Ein solcher Eindruck des räumlichen Hörens kommt nicht zuletzt durch die hervorragende Klangqualität der Aufnahme zustande, die den Raumklang des Temple St. Jean in Mülhausen (im Elsass) bewusst mit einbezieht und somit ein harmonisches, rundes Klangbild schafft, das die Atmosphäre des Live-Musizierens wunderbar einfängt. Das Besondere an den Stücken Jean Japarts ist ihre gesteigerte instrumentale Virtuosität im Vergleich zu den vorangestellten Stücken anderer Komponisten, so dass beim Hören der CD der Eindruck entsteht, in letzteren würden die Außenwände des Klangraums skizziert, um im Folgenden von Japart mit musikalischen Ornamenten ausgefüllt zu werden. Les Flamboyants interpretieren jedes Stück als eine geschlossene Einheit und folgen somit korrekt den Eigenheiten der Renaissance-Musik: Dynamische Veränderungen spielen weniger eine Rolle, stattdessen wird durch den Einsatz historischer Instrumente und aufgrund der countertenoralen Einfärbung des Timbres Els Janssens-Vanmunsters in der Mittellage ein für Alte Musik charakteristischer, wunderschön sanfter, weicher Klang erzielt. Außerdem findet das Ensemble für jedes Stück ein ausgeklügeltes Tempo, das dem ruhigen, dabei aber stets vorwärts strebenden Fluss der Melodien freien Lauf lässt, wodurch ein reizvoller Eindruck hervorgerufen wird, der zugleich meditativ und belebend auf den Hörer einwirkt.
Gelungen ist auch die Aufmachung des Booklets, welches auf kompakte Art und Weise informativ und historisch korrekt gestaltet ist. Es enthält einen gut lesbaren Text von Michael Form mit Daten und Fakten zu Jean Japart und seinem Kompositionsstil, fotografische Momentaufnahmen der Ensemblemitglieder, die Texte der (französischsprachigen) Chansons mit deutscher Übersetzung und sogar eine Auflistung des Instrumentariums inklusive der Namen der Instrumentenbauer sowie der historischen Vorlagen für die Nachbauten.
Diese Aufnahme ist auf jeden Fall sehr hörenswert, ist aber nicht dazu geeignet, mal eben nebenbei konsumiert zu werden; sie entfaltet ihre ganz Wirkung erst, wenn man genau und konzentriert hinhört.

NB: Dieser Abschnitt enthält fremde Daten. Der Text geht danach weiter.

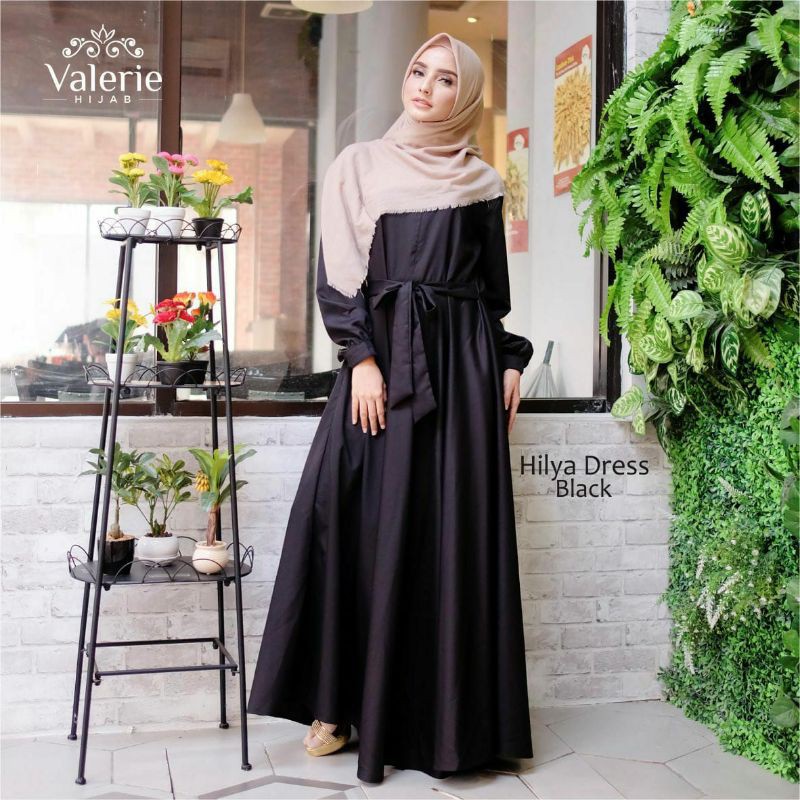 Hilya Dress By Valerie Hijab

Dann verspricht sie dem Hörer jedoch ein eindrückliches Hörerlebnis außerhalb des gewöhnlichen Erfahrungsbereichs. Das sorgfältig zusammengestellte Programm hat besonders für musikgeschichtlich interessierte Hörer viel zu bieten und es wurde seitens der Ausführenden mit feinsinnigem musikalischem Gespür ausgestaltet.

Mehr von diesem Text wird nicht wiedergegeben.